Sonia Iruela (Unidad y Lucha).— Nosotras, las mujeres trabajadoras, llevamos siglos sosteniendo el trabajo socialmente necesario. Lo hacemos con las manos cansadas, la cabeza llena de preocupaciones y el cuerpo agotado. Curamos, alimentamos, escuchamos, acompañamos. Cuando todo se derrumba, somos las que seguimos en pie. Pero ese papel que nos asignaron no es fruto del amor ni de la elección: es una imposición que el patriarcado y el capitalismo han envuelto en palabras dulces para que parezca virtud.
Desde pequeñas nos enseñan que cuidar es amar, que el sacrificio es noble y que la entrega es sinónimo de bondad. Se nos educa para pensar en los demás antes que en nosotras mismas, para sentir culpa si priorizamos nuestro descanso o nuestro tiempo. Así se nos convence de que cuidar es un deber natural, una expresión de cariño, cuando en realidad es una forma de control social. Detrás del mito de las “mujeres fuertes” se esconde la expectativa de que carguemos con todo sin protestar.

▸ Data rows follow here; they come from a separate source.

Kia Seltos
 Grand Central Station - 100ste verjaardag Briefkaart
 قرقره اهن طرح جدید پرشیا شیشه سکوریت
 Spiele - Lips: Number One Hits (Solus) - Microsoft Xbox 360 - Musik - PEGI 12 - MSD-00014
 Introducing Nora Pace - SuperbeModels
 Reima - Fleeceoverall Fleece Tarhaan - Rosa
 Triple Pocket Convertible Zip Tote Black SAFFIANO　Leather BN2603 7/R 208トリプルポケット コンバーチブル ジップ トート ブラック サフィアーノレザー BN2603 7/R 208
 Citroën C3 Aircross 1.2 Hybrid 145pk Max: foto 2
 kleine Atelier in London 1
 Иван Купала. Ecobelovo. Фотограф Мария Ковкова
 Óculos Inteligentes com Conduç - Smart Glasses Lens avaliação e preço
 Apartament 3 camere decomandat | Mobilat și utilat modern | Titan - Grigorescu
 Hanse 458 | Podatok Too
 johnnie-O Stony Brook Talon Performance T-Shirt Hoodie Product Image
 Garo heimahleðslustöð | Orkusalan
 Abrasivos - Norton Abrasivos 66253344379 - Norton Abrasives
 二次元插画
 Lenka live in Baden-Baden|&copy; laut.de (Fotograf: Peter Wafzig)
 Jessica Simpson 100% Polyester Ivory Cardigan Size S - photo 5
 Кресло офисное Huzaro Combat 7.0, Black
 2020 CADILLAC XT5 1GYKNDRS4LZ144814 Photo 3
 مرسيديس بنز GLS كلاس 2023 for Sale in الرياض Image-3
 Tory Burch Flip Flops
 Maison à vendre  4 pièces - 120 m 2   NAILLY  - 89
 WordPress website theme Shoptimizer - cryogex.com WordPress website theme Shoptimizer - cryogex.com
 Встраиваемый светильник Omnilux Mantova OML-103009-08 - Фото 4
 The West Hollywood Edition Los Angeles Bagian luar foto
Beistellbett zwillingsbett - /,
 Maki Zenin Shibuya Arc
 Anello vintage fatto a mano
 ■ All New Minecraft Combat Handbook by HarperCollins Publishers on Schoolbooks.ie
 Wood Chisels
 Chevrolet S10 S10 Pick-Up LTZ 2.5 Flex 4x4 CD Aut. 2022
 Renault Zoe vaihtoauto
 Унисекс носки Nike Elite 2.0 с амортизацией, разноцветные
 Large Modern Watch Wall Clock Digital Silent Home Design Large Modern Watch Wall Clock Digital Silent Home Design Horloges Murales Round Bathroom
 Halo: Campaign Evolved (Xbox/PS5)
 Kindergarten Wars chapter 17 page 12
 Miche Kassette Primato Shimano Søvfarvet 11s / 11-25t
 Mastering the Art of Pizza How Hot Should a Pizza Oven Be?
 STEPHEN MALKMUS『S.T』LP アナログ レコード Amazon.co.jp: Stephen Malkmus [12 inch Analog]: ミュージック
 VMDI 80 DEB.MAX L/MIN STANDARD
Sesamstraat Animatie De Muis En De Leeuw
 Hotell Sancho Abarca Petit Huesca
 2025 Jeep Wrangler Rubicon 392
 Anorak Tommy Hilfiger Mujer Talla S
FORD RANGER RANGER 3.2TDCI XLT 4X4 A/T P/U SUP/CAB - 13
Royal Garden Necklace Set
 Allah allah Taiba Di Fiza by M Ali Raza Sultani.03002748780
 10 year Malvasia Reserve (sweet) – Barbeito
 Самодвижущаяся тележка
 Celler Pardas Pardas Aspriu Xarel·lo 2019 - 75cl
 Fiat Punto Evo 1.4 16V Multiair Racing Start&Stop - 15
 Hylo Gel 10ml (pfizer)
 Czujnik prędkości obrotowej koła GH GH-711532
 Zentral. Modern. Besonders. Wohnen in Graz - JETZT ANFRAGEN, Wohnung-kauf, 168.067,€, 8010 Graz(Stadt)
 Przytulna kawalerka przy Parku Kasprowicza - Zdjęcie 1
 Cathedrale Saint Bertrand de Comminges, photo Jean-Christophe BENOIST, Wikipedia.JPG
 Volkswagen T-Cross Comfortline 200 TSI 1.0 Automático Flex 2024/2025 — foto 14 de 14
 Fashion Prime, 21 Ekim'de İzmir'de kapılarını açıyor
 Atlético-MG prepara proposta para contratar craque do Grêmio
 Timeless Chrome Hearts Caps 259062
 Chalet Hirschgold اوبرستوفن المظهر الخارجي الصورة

La idealización del cuidado tiene consecuencias materiales. Mientras millones de mujeres dedican su vida a atender a menores, mayores o personas dependientes sin reconocimiento ni compensación, el Estado se ahorra recursos y las empresas se benefician. Los sectores de limpieza, sanidad y asistencia están llenos de trabajadoras precarizadas que reproducen, en el ámbito laboral, lo que históricamente se les impuso en el hogar. El capitalismo necesita de ese trabajo invisible y gratuito para mantenerse en pie, y el patriarcado lo legitima a través del mito del amor y la entrega.
Nos dicen que las mujeres cuidamos mejor, que tenemos más paciencia, que se nos da de forma “natural”. Mentiras útiles al sistema. Mientras creemos que lo hacemos por amor, se sostiene una estructura económica que depende de nuestra renuncia. Nos llaman “pilares de la familia” o “ángeles del hogar” para ocultar la explotación. Nos premian con palabras, pero nos niegan derechos.
El discurso dominante convierte la abnegación en una forma de heroísmo. Pero no hay heroísmo en la desigualdad, ni dignidad. Cuando una mujer se queda sin tiempo para sí misma, sin posibilidad de formarse o de disfrutar del ocio, no se trata de una elección libre, sino de un mandato social que la empuja a vivir para los demás. Esa renuncia constante erosiona la autonomía y limita la posibilidad de construir una vida propia.
Desde el feminismo de clase, rechazamos esa trampa. No queremos reconocimiento simbólico, queremos derechos reales. Queremos servicios públicos que garanticen la atención a la infancia, a las personas mayores y dependientes, y condiciones laborales dignas para quienes se dedican profesionalmente al cuidado. Exigimos que el cuidado sea una responsabilidad colectiva y no una carga individual, porque sostener la vida es tarea de toda la sociedad.
Socializar los cuidados no significa dejar de cuidar, sino hacerlo desde la igualdad y la justicia. Significa construir un modelo donde nadie quede relegada a la servidumbre emocional o económica. Donde el tiempo de las mujeres tenga el mismo valor que el de los hombres. Donde cuidar no sea sinónimo de pobreza, de soledad o de renuncia.
Cuidar no puede seguir siendo una condena disfrazada de amor. Queremos una sociedad donde el bienestar no dependa del sacrificio de unas pocas, sino de un compromiso común. Una sociedad que ponga la vida en el centro, no el beneficio. Porque solo cuando cuidar deje de ser una obligación femenina podremos hablar, de verdad, de igualdad y de libertad.